**Exercise prompt:**
Given the material below, return only the lines starting at the line with "Ace Of Hearts" and ending at the line with "Pasgeboren zacht de", exactly as they appear.

**Data supplied:**
>>

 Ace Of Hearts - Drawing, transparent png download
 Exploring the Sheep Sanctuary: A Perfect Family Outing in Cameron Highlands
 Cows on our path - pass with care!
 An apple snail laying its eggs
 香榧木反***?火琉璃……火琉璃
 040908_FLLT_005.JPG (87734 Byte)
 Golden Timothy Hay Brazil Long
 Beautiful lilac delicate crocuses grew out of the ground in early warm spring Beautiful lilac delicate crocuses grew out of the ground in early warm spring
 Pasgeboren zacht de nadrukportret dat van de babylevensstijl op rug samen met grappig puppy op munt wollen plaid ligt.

<<
>>

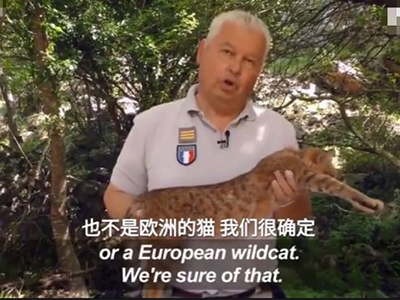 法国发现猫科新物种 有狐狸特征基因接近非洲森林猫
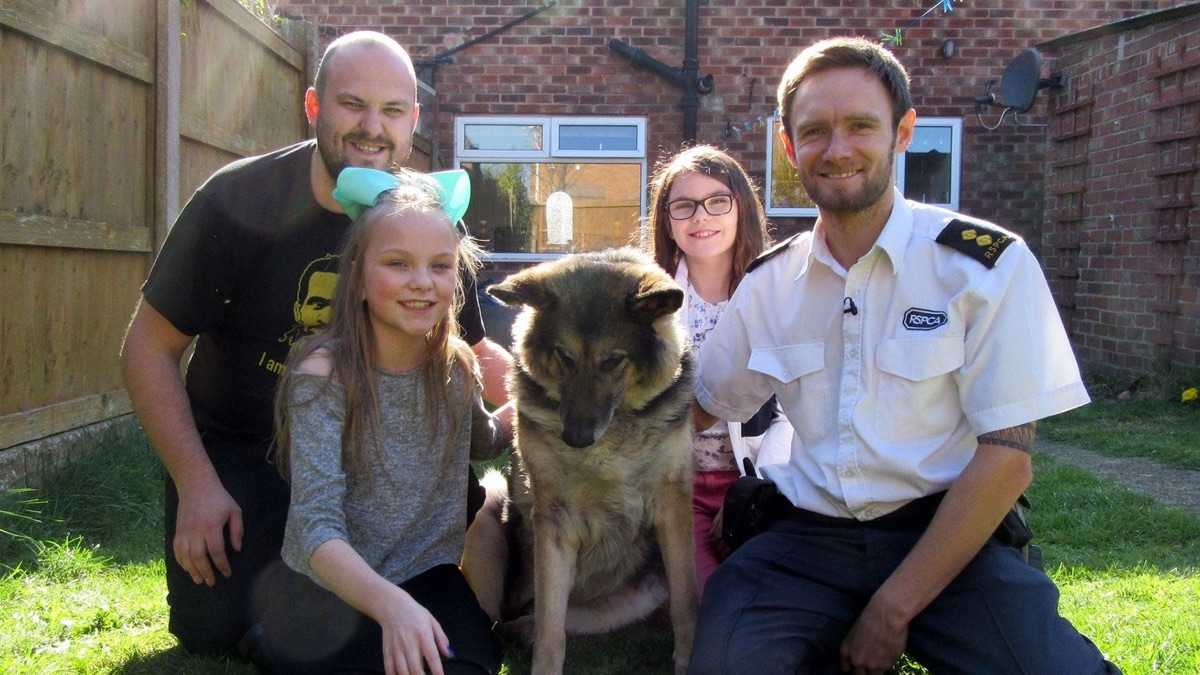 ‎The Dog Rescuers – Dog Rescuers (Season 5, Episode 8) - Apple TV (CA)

<<

**Answer:**
 Ace Of Hearts - Drawing, transparent png download
 Exploring the Sheep Sanctuary: A Perfect Family Outing in Cameron Highlands
 Cows on our path - pass with care!
 An apple snail laying its eggs
 香榧木反***?火琉璃……火琉璃
 040908_FLLT_005.JPG (87734 Byte)
 Golden Timothy Hay Brazil Long
 Beautiful lilac delicate crocuses grew out of the ground in early warm spring Beautiful lilac delicate crocuses grew out of the ground in early warm spring
 Pasgeboren zacht de nadrukportret dat van de babylevensstijl op rug samen met grappig puppy op munt wollen plaid ligt.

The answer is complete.